Given data:
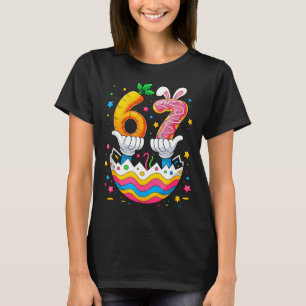 Boys girls easter eggs cute bunny six seven 67 T-Shirt
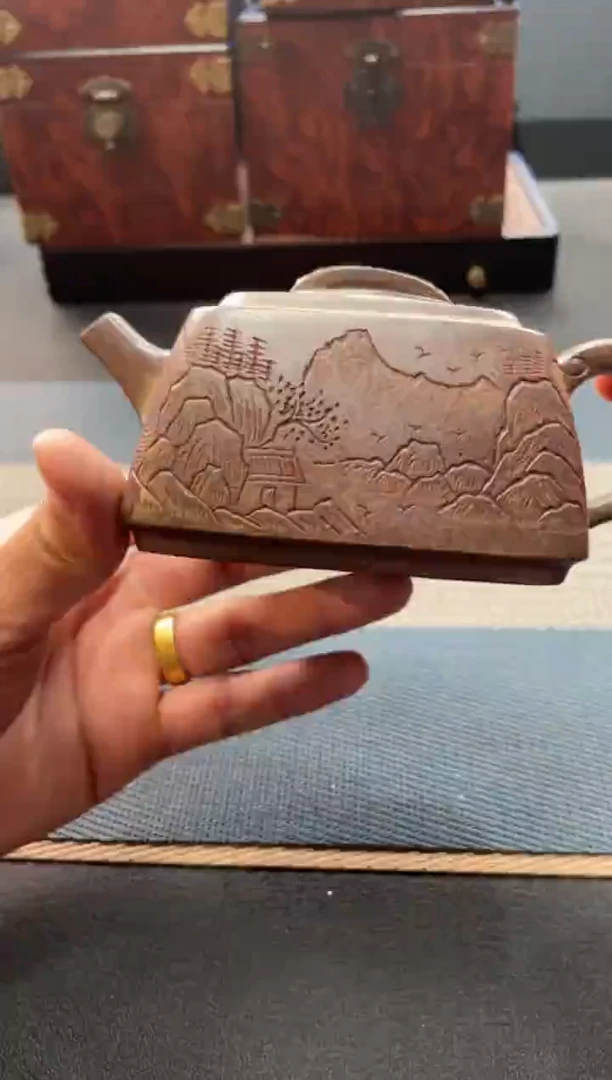 紫砂茶宠157手工紫砂壶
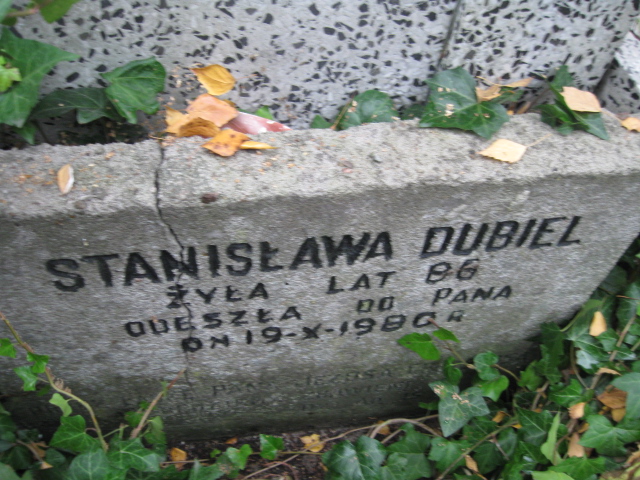 Stanisława Dubiel 1894 Warszawa Ewangelicko-Reformowany - Grobonet - Wyszukiwarka osób pochowanych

Exercise brief: Would you set down the listing exactly, omitting pictures?

Answer box:
 Boys girls easter eggs cute bunny six seven 67 T-Shirt
 紫砂茶宠157手工紫砂壶
 Stanisława Dubiel 1894 Warszawa Ewangelicko-Reformowany - Grobonet - Wyszukiwarka osób pochowanych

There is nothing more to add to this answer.